Apple is planning updated iPad Pro models in both 11-inch and 13-inch sizes for spring 2027, and the chip inside could determine whether buyers get a meaningful AI upgrade or a more modest speed boost.
The new iPads will arrive without a redesign. Apple is keeping the existing form factor and concentrating on what happens under the hood. That puts the chip decision at the center of the story.
Apple is developing both M6 and M7 processors on its new 2-nanometer manufacturing process. The M6 is expected to land later this year inside a refreshed 14-inch MacBook Pro.
The M7, which carries additional AI-specific hardware that the M6 lacks, is targeting a first-half 2027 release.
If that timeline holds, the spring iPad Pro could carry the M7. If production runs behind schedule, Apple will use the M6 instead.
With no official confirmation on which processor will power the device, potential buyers face two very different performance outcomes.
The M7’s AI optimizations are designed to run more on-device processing locally, which affects how Apple Intelligence features perform without relying on cloud connections.
Apple engineers have been evaluating a vapor chamber cooling system for the iPad Pro line. Vapor chambers manage heat more efficiently than conventional methods, allowing chips to sustain higher performance over longer periods without throttling.

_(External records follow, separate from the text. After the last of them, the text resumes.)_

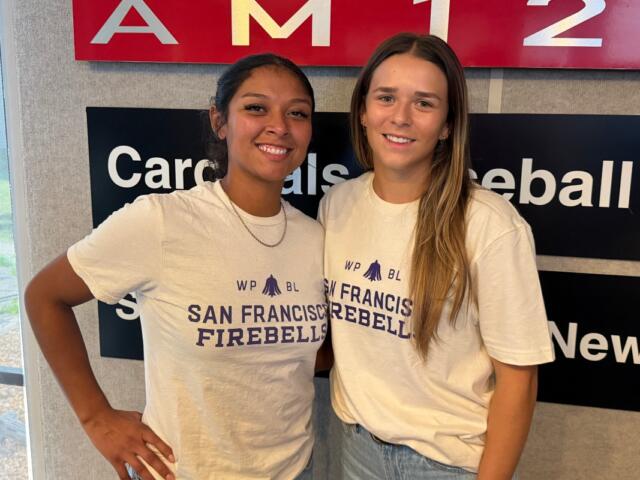 Samantha Gutierrez (left), and Ela Day Bedard, players on the Women's Professional Baseball League's San Francisco Firebells.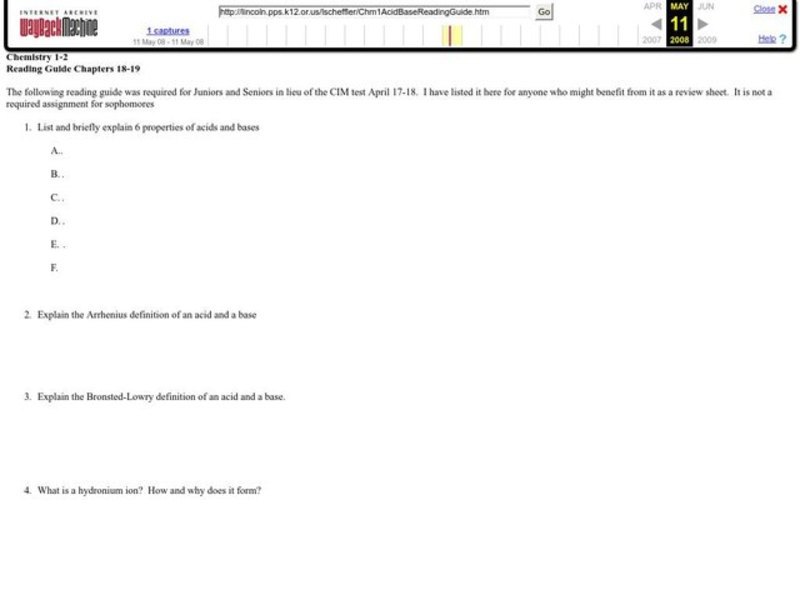 Acids and Bases Worksheet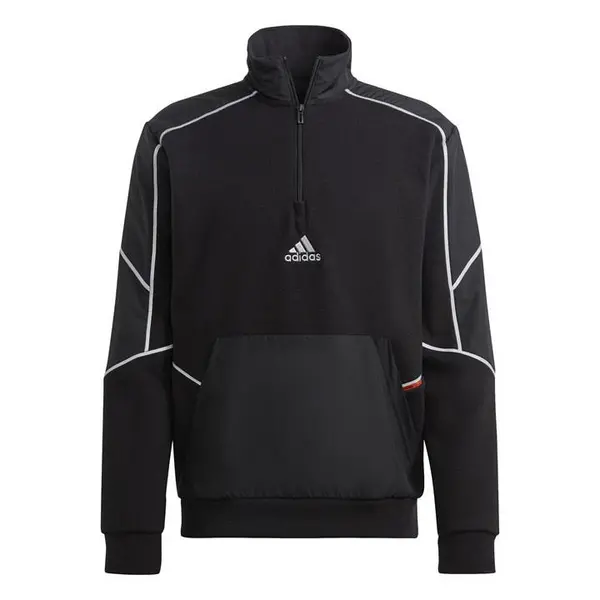 Image of adidas Zip Top Mens 1/4 Zip Fleece Tops S Black 60304503350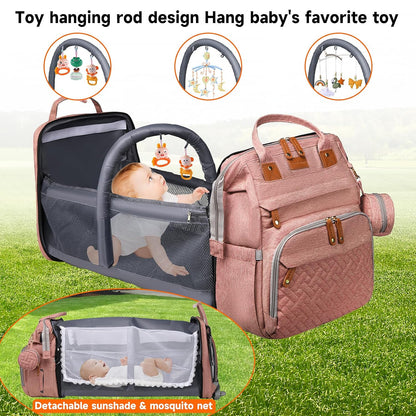 Baby Diaper Bag Backpack with Changing Station,Baby Essentials(Pink) | Baby Bag Multifunctional Waterproof Travel Backpack with Changing Pad, Pacifier Case & Stroller Straps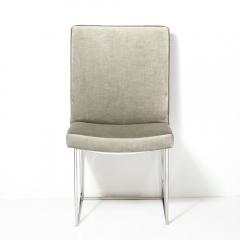 Milo Baughman Set of Six Mid Century Chrome and Platinum Velvet Dining Chairs by Milo Baughman - 4231299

Whether this system makes it into the final product has not been confirmed, but its presence in testing suggests Apple is trying to close the gap between iPad Pro performance ceilings and what the chip can theoretically deliver.
For professionals who use iPad Pro for video editing, music production, or running AI-heavy apps, sustained performance under load matters more than peak benchmark numbers.
A device that maintains speed through a two-hour project is a different experience from one that slows down after twenty minutes.
Apple is expected to launch the iPhone 18, iPhone 18e, and a second-generation iPhone Air in the same spring 2027 window.
Releasing the iPad Pro alongside that group would give Apple a coordinated product push rather than a standalone tablet update.
It also means buyers comparing options across Apple’s lineup would be doing so at the same time, with the latest chips available across multiple devices simultaneously.
Anyone currently holding an M4 iPad Pro, which launched in 2025, would be looking at roughly two years between upgrades by the time the new model ships. Apple has historically refreshed the iPad Pro on cycles around that length.
The current M5 models, which saw a price increase last week alongside several other Apple products, are still on sale.